▶ [Exercise details] An exact transcription is needed, starting with the line that contains "ШРУС внутренний Krauf, арт. CVJ1279HR" and ending with the last line of the records.

▶ [Material for the task]
--- START ---
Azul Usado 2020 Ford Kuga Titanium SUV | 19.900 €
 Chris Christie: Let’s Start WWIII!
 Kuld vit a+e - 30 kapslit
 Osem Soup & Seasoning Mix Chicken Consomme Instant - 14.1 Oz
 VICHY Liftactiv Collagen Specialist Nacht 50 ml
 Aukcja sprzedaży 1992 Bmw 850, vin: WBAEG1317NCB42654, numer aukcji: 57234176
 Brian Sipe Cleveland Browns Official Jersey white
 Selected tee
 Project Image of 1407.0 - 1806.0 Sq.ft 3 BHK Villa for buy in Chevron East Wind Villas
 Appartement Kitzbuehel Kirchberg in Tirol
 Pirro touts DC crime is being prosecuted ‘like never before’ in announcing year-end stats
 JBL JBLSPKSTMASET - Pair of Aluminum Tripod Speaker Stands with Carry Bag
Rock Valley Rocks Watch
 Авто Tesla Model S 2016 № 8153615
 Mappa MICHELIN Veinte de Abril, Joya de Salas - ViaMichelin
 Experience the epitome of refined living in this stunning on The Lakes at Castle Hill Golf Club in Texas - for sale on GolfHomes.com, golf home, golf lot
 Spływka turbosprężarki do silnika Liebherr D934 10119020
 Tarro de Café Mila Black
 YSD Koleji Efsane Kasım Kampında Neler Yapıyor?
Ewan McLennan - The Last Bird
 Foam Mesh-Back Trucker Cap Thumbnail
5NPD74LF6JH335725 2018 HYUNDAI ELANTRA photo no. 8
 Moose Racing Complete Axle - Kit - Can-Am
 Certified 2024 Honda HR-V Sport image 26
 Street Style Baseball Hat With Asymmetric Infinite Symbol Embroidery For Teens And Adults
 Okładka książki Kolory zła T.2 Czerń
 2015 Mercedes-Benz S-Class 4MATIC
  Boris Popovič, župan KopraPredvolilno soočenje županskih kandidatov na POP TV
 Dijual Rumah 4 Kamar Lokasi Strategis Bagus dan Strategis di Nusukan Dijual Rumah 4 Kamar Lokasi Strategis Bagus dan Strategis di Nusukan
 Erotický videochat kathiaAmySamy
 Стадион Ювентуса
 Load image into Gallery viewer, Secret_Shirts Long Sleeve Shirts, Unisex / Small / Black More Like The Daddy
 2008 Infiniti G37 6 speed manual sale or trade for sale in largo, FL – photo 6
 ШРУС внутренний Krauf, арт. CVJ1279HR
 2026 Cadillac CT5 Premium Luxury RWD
--- END ---
▶ [Completed task]
 ШРУС внутренний Krauf, арт. CVJ1279HR
 2026 Cadillac CT5 Premium Luxury RWD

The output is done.